======== SUPPLIED DATA ========

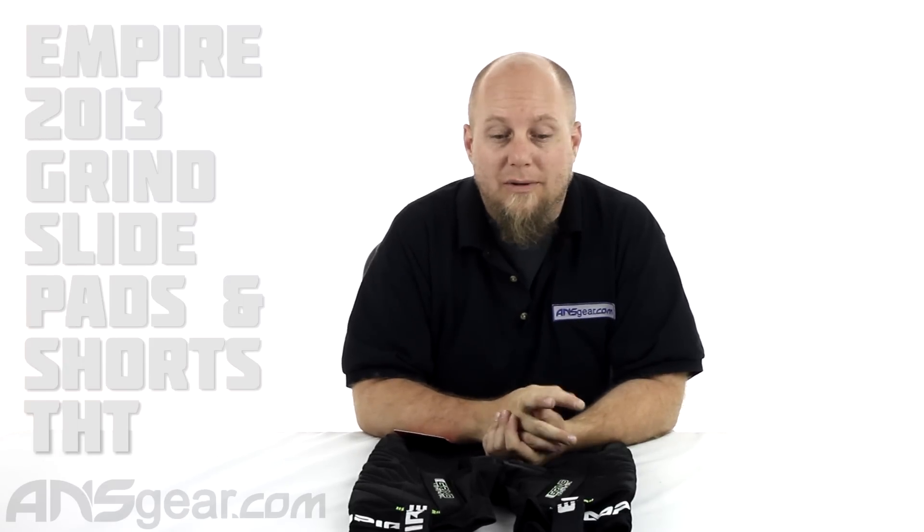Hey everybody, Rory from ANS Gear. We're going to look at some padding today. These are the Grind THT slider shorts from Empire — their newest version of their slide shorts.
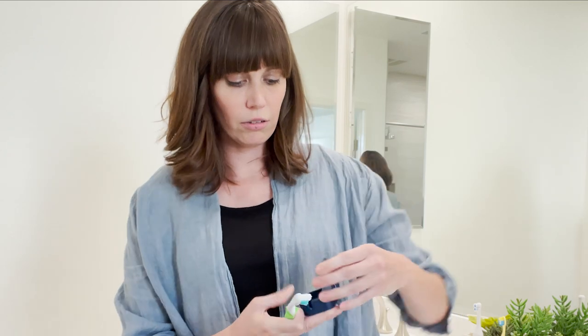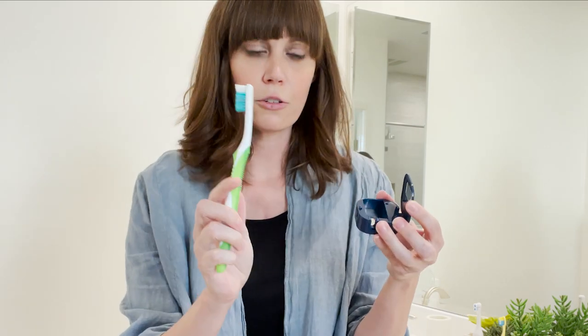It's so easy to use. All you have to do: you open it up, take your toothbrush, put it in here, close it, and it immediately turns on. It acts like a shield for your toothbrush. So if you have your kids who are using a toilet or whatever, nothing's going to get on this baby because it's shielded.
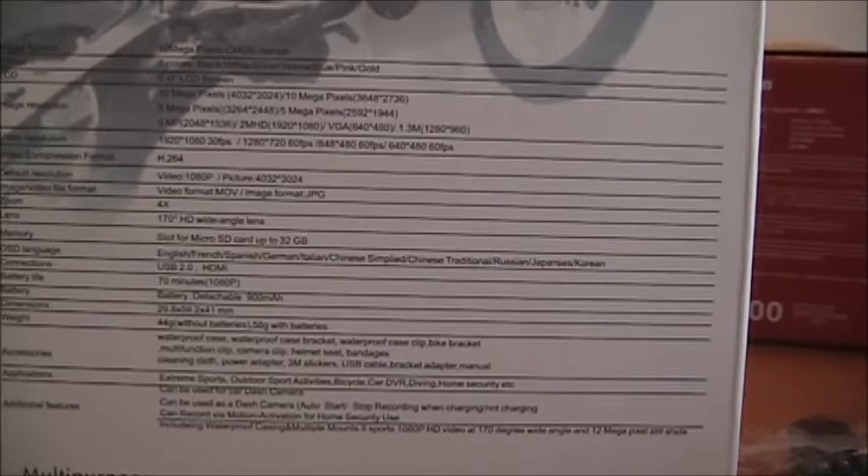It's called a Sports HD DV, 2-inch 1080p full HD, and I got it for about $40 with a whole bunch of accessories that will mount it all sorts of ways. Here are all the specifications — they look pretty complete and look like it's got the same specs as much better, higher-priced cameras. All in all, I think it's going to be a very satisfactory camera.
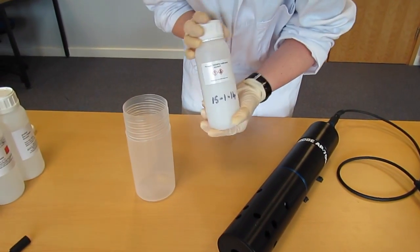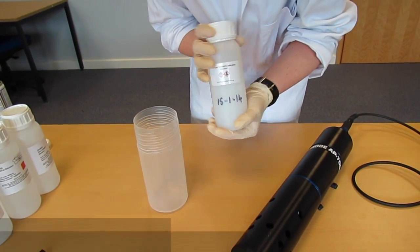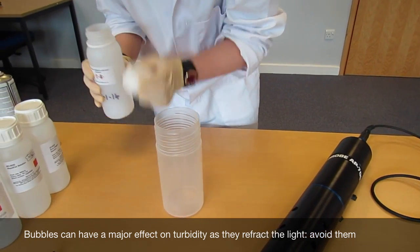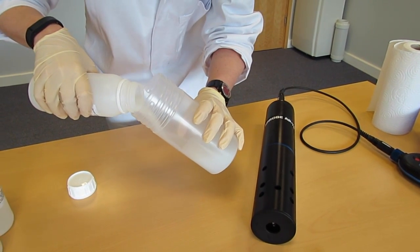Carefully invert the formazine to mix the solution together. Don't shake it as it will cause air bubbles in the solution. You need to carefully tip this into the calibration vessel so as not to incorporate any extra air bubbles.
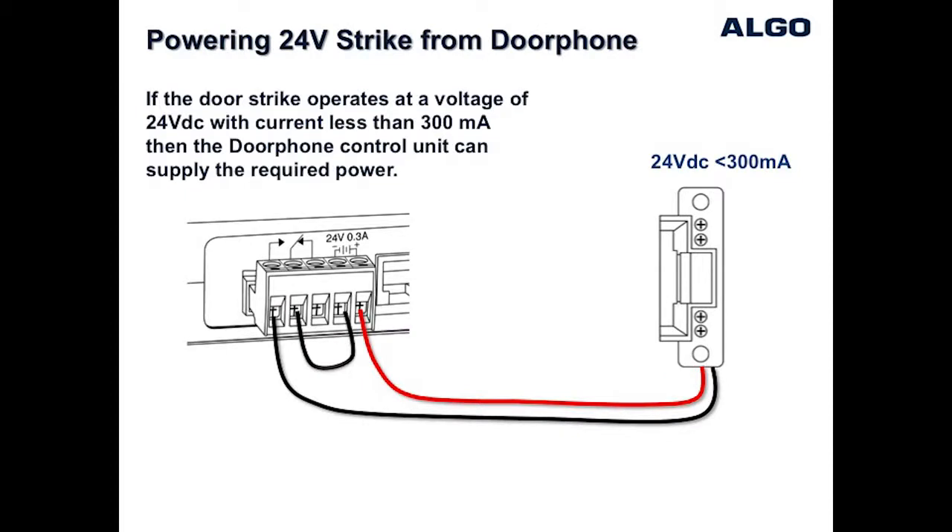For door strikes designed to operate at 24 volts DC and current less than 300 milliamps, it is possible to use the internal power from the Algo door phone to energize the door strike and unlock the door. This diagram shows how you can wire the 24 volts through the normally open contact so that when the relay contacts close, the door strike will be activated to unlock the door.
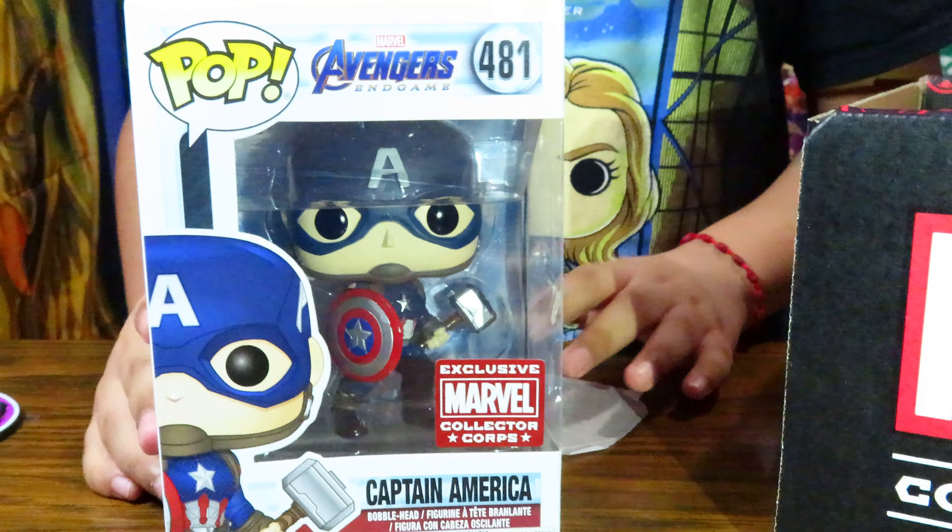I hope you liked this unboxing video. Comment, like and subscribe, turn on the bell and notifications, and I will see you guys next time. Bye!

========

## [ASSIGNMENT]
Only the lines from the beginning of the records up to and including the line with "It's called a" should appear, exactly as they are, and no pictures.

## [RESPONSE TO THIS TASK]
Hey everybody, Rory from ANS Gear. We're going to look at some padding today. These are the Grind THT slider shorts from Empire — their newest version of their slide shorts.
It's so easy to use. All you have to do: you open it up, take your toothbrush, put it in here, close it, and it immediately turns on. It acts like a shield for your toothbrush. So if you have your kids who are using a toilet or whatever, nothing's going to get on this baby because it's shielded.
It's called a Sports HD DV, 2-inch 1080p full HD, and I got it for about $40 with a whole bunch of accessories that will mount it all sorts of ways. Here are all the specifications — they look pretty complete and look like it's got the same specs as much better, higher-priced cameras. All in all, I think it's going to be a very satisfactory camera.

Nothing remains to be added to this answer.